And now we calculate a new ray from the hit point to the light:
...set originX to hitX
...set originY to hitY
...set originZ to hitZ
...set dirX to lightX-hitX
...set dirY to lightY-hitY
...set dirZ to lightZ-hitZ

We can use that vector to calculate how much of the lights energy hits the surface:
...set lightAtten to lightPower/(dirX*dirX+dirY*dirY+dirZ*dirZ)

Imagine a sphere, with a point light source at its centre. All of the energy from the source hits the inside of the sphere. The energy s shared over the sphere's surface area.
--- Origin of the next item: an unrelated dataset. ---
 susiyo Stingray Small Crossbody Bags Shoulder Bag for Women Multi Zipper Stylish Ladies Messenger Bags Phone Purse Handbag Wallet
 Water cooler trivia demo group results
If we doubled the radius of the sphere, its surface area would increase by 4 - area is proportional to radius squared, so we get the inverse square law - lights get dimmer with the square of distance.

Now we normalise again, and calculate N.L
...broadcast normalizeDir and wait
...set nDotL to (nX*dirX+nY*dirY+nZ*dirZ)
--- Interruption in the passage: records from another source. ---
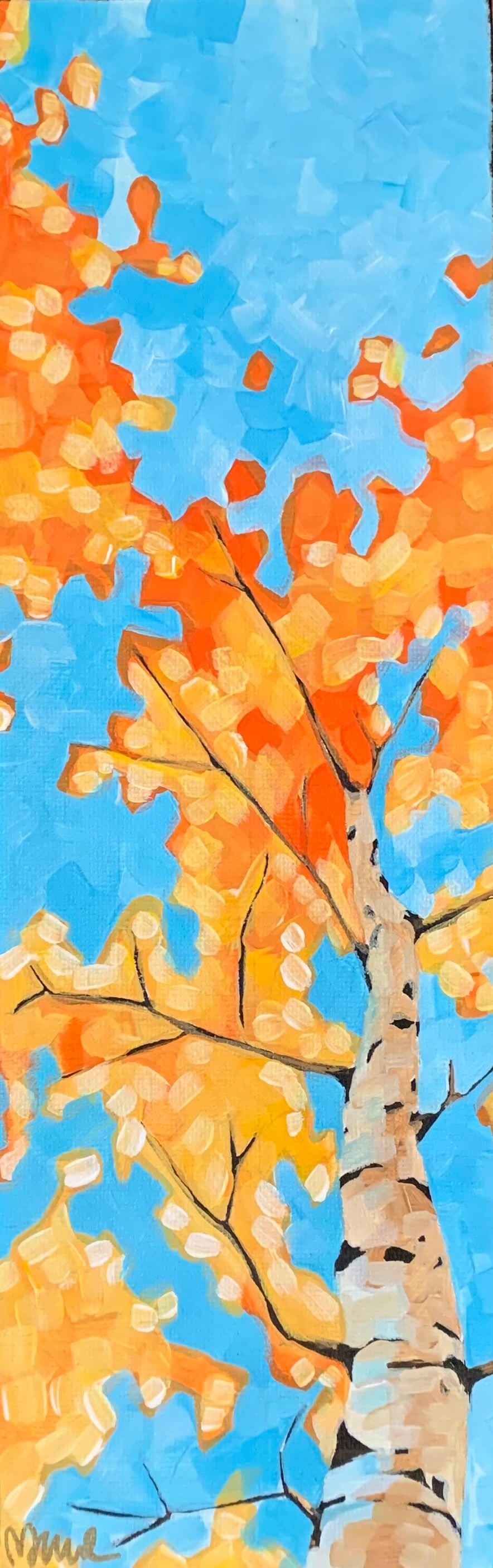 4”x12” - Birch Tree Painting-Acrylic Painting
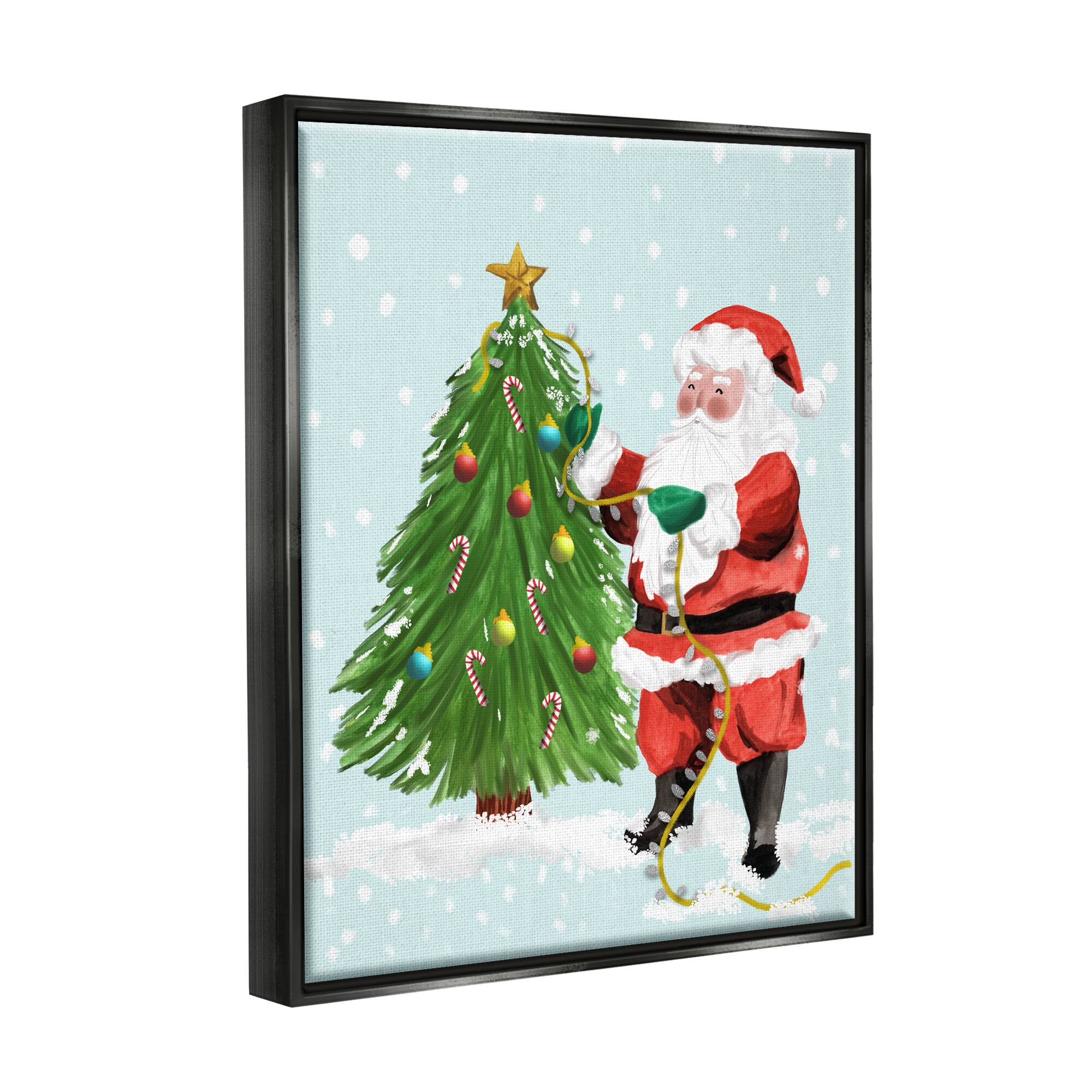 Stupell Industries Snowy Santa Claus Tree Scenery Framed Floater Canvas Wall Art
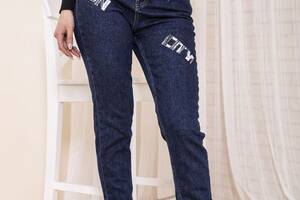 Женские прямые джинсы темно-синего цвета с принтом 164R1024-5 Ager 27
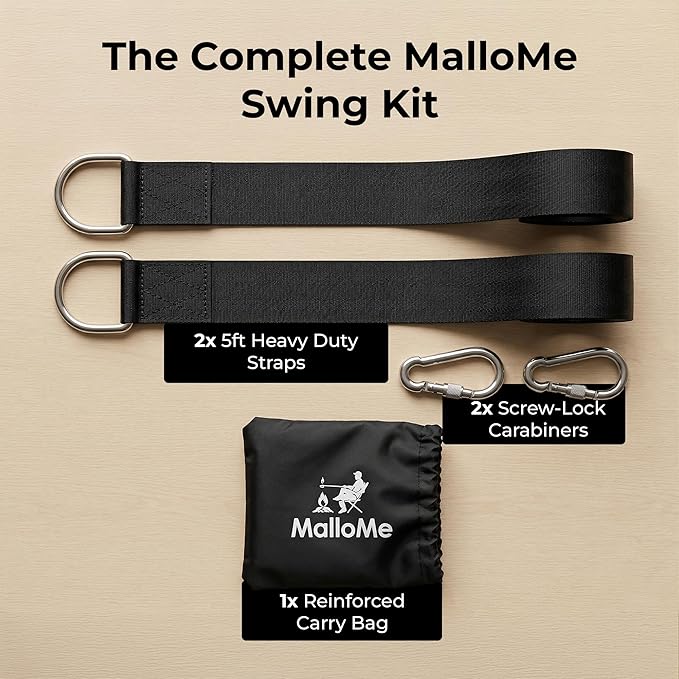 MalloMe Tree Swing Straps & Hammock Straps for Trees – Multi-Purpose Hanging Kit, Heavy Duty Adjustable Tree Strap for Hammocks, Swings & Outdoor Use, Safe for Branch or Between 2 Trees
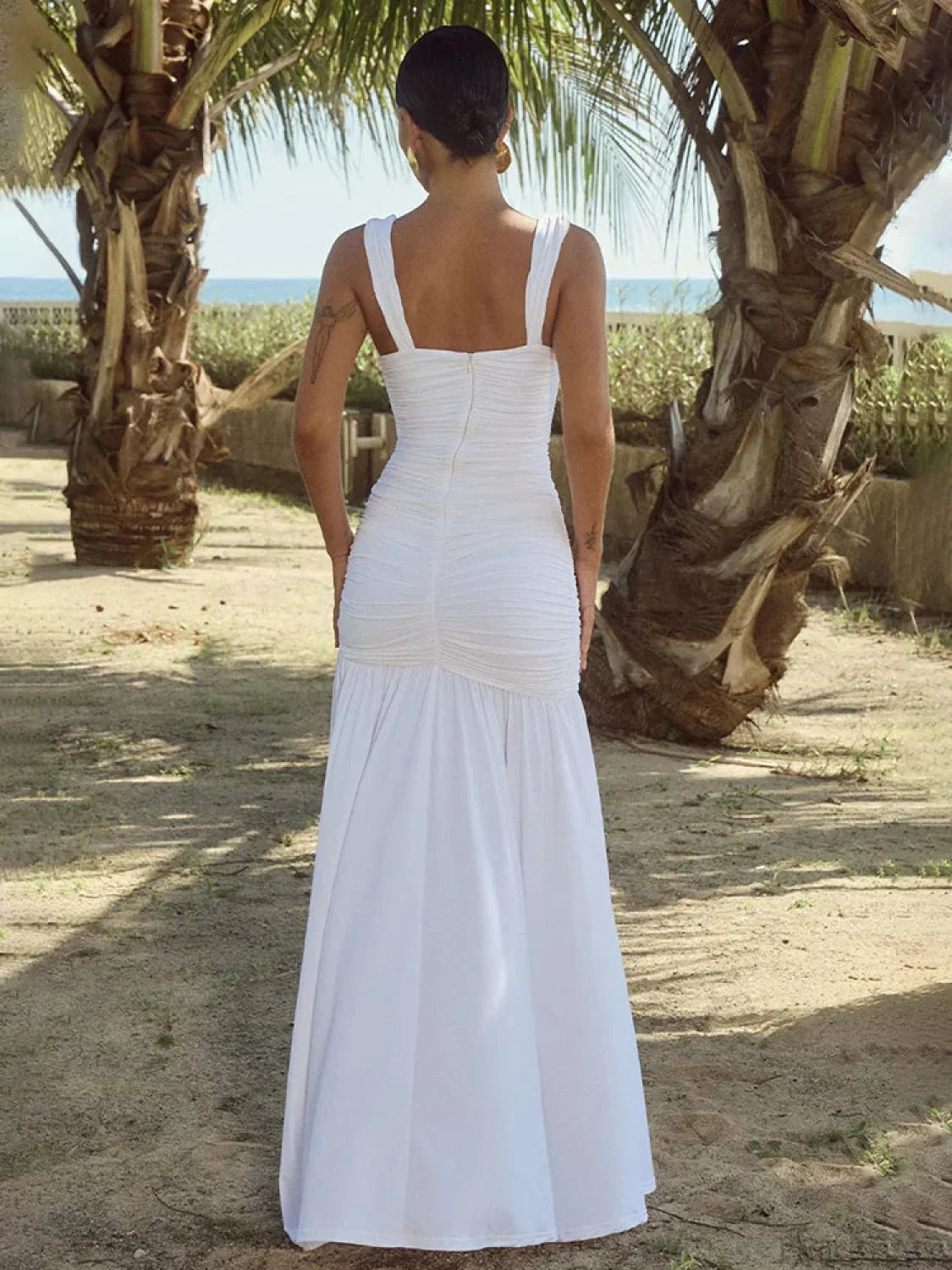 Elegant Pleated A-line Maxi Vacation Dress image 3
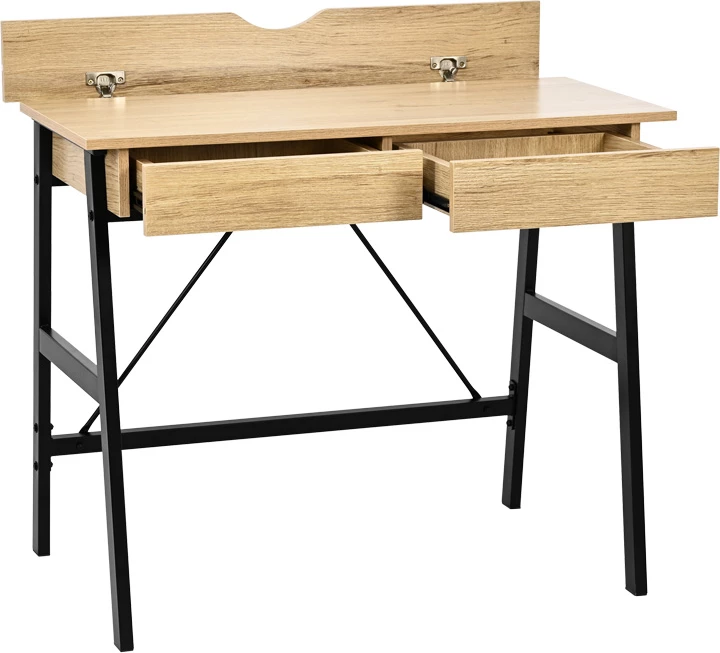 Tavolinë pune me sirtarë, ngjyrë lisi, këmbë metalike të zeza, Lione, 90x50x75cm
N.L tells us if the surface is facing the light source - if its not we move on.

...if(nDotL > 0)
....broadcast intersectScene and wait
....if bestID=0
.....set hVecX to vVecX+dirX
.....set hVecY to vVecX+dirY
.....set hVecZ to vVecX+dirZ
.....set len to sqrt of (hVecX*hVecX+hVecY*hVecY+hVecZ*hVecZ)
.....set hVecX to hVecX/len
.....set hVecY to hVecY/len
.....set hVecZ to hVecZ/len
.....set nDotH to (nX*hVecX+nY*hVecY+nZ*hVecZ)
.....if nDotH>0
......set nDotH to 10^ of (10* log of nDotH)
......change pixelR by lightAtten*nDotL*weightR*nDotH
......change pixelG by lightAtten*nDotL*weightG*nDotH
......change pixelB by lightAtten*nDotL*weightB*nDotH

If the surface is  facing the light, we fire the ray into the scene, and hope it doesn't hit anything. If it did then we're in shadow. If we get this far we know we know the light actually hits the surface we we need to calculate how much is going to get reflected towards us - this is called the BRDF.

There are lots of different ways of calculating this - different surfaces have different BRDFs. It's what makes metal and and plastic look different, even when they're the same colour. Here we're using a simple metalic style BRDF.
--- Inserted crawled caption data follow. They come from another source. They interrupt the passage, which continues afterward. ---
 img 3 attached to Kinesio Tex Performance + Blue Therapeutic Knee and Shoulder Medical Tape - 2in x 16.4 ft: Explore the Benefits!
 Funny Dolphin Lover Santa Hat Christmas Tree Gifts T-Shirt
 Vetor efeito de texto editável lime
We know the direction of the viewer and the light. To get a perfect reflection of the light towards the viewer, then surface normal would have to be exactly half way between them (angle of incidence=angle of reflection). But chances are this isn't the case. Instead the question we can ask is what would N need to be to get a perfect refection - we calculate this and call it hVec.

Now we need ask now similar are N and H? It turns out that's really easy to calculate using a dot product. A good way of thinking of the dot product is "how alike are these two vectors?". 1 means they're the same, 0 means 90 degrees apart, -1 means opposite (assuming they're normalized). So we take the dot product. Raising that to a power means that we get a value near 1 only when they're very similar. Then we use that to add some more colour to the pixel.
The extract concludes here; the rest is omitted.